Do you really want to be a pro golfer? Read this first
By MARK WHICKER
When Robby Shelton was a high school sophomore, he beat Jordan Spieth.
That was in the U.S. Junior Amateur, a tournament Spieth had won the year before and would win the year after.
Shelton won three Alabama state titles. He went to the University of Alabama and qualified for the U.S. Open. He got invited to the Barbasol Classic, a PGA Tour event near his home in Mobile, and finished third.
How hard is professional golf? Robby Shelton is not on the PGA Tour. Neither is he on the Web.com Tour, the Triple-A equivalent.
Shelton is playing on the Swingthought Tour, a place where you can dream as long as you pay for it. You ante up and then you play. The entry fee is normally $875 and they put it in a pot, and that’s where the purse comes from. They call such things “payback events.” And you know what the payback can be.
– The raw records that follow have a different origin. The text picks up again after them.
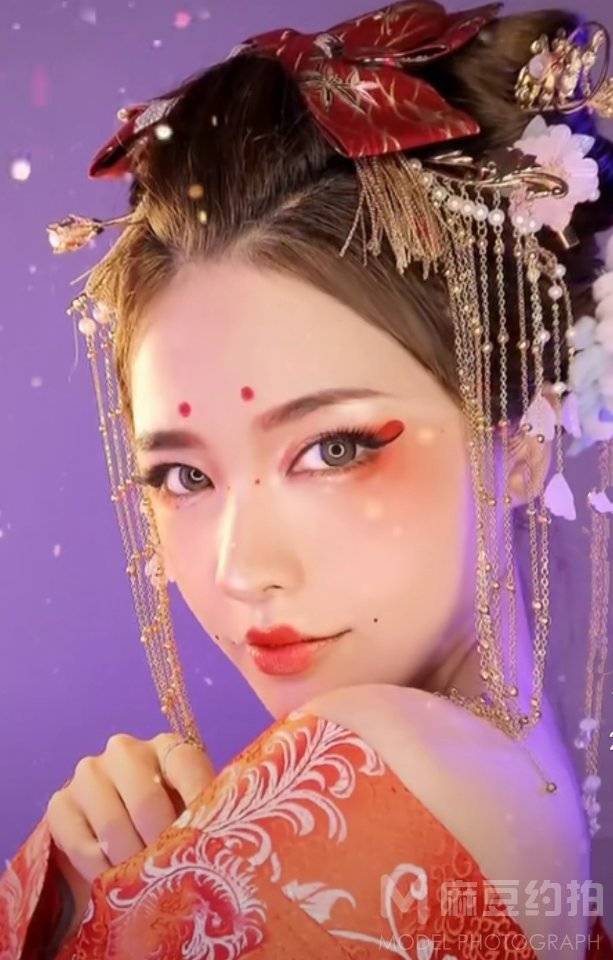妆容模特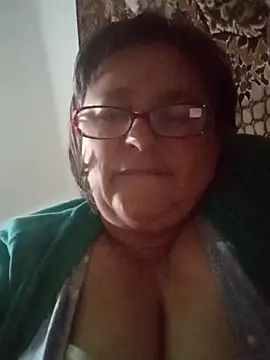 MilaCold5443 online show from December 5, 2025, 4:49 pm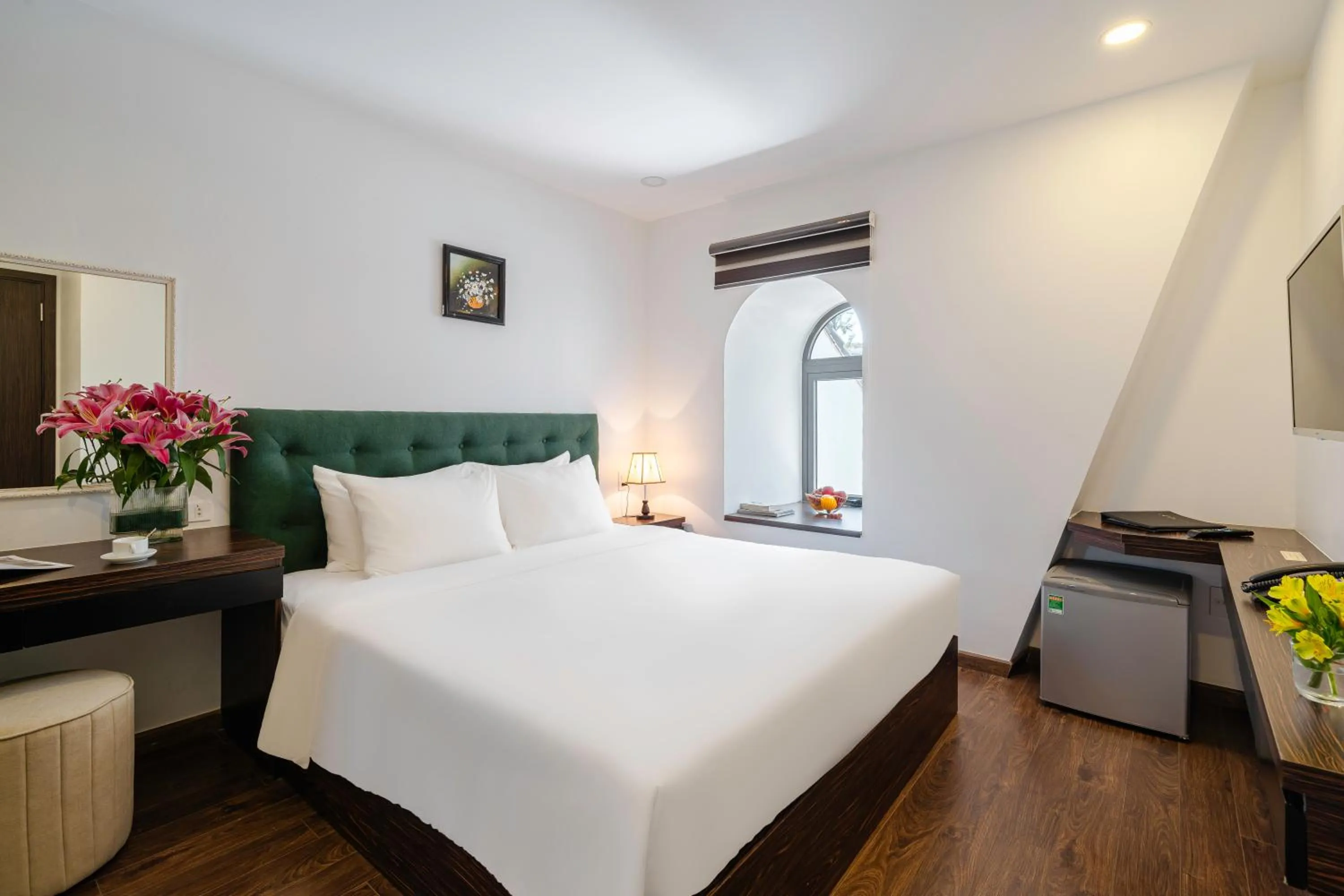 Bed in TTR Moonstone Apart Hotel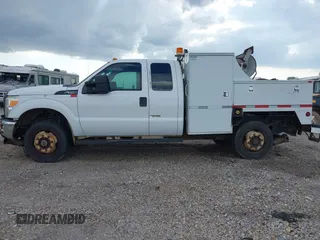 2014 Ford F-350 with VIN 1FT7X3B61EEA23424, listed as a IAAI auction lot 42034586 with 205,394 mi miles and . Bid and sale history available at DreamBid. Image 14.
While everyone was marveling at the angry winds of Augusta National on Friday, the Swingthought boys were in Stone Mountain, Ga., and James White, a Georgia Tech alum, shot a 63 in the same gusts. He won the event, but only because Grant Leaver called a 2-stroke penalty on himself. And, no, it wasn’t because some TV referee called it in from his basement.
Justin Lower was the No. 1 money-winner on the Swingthought Pro Tour last year. His take was $35,000. That’s before expenses.
Tour director T.J. Johnson points out that the “heyday” of the tour provided more opportunity. That was when it was sponsored by Hooters, the popular bar-and-grill chain that is famous for its superb grouper sandwich (OK, so why do you go there?).
On Hooters in 2012, Brandon Brown won $115K and David Skinns $104K. Eight players on that tour made it to the big leagues, including Patton Kizzire and Blayne Barber.
All the Swingthought guys have a hero, but it’s not Spieth or Sergio Garcia. It’s William McGirt.
In 2007, McGirt won his first pro event. It was the Cabarrus Open on the Tar Heel Tour. The $16,000 check kept the credit card companies off his trail.
Last year he won another tournament. That was The Memorial, Jack Nicklaus’ player-pampering event near Columbus. That one paid McGirt $1.53 million and it got him into the Masters last week, where, on Friday night, he was one shot off the lead.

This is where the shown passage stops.